Now, will the bottom-line be affected equally? Probably not, given that Intel has the experience and resources to make a speedy recovery while keeping a happy face about it. Just saying that this this aspect should not be forgotten as other companies are not as lucky as Intel. Their underestimation has lead to much dire consequences.
btarunr used TechReport as the source and quoted content from the article in his repost. My problem is the fact that the headline doesn't match the article specified and quoted as the source. If btarunr wanted to use that headline he needed to find different/additional reference material. This is not the first time a news piece at TPU has had an unqualified and unrelated headline as clickbait. And like the last time I had already read the source material prior to seeing his repost and was scratching my head as to how someone came up with that headline from the content that was sourced.
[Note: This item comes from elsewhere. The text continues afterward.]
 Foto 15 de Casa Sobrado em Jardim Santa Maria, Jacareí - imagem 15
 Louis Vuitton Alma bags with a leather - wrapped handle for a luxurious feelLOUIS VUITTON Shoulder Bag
They are already out, and have the errata.
www.pcworld.com/article/2464880/intel-finds-specialized-tsx-enterprise-bug-on-haswell-broadwell-cpus.html
As does Broadwell (E5), so the new enterprise chips are going to have it until Intel finds a hardware fix. OEM's already have the chips. So we have hardware in the wild, production systems being built, that cannot support a new feature that was being pushed. For those who have based their purchasing decision on this, its going to suck, will the OEM or Intel provide new chips to those people, it wouldn't be the first time Intel has had to do that, although the last time was perhaps before you were born.
My asshat comment was about critiquing of an article title, if you find it to be clickbait, go elsewhere, or do research on the topic and realize it is something show stopping for end users and OEM's.
techreport.com/news/26911/errata-prompts-intel-to-disable-tsx-in-haswell-early-broadwell-cpus
Intel doesn't have a current timeline for the fix, and really considering how much complexity it takes and improvement it was offering they might not be able to implement an actual full fix, perhaps limiting the number of threads or cores that can use it.
Also, damn that is a long list of broken things, 5 pages
www.intel.com/content/dam/www/public/us/en/documents/specification-updates/xeon-e3-1200v3-spec-update.pdf
Apparently normal Broadwell-DT will be fixed.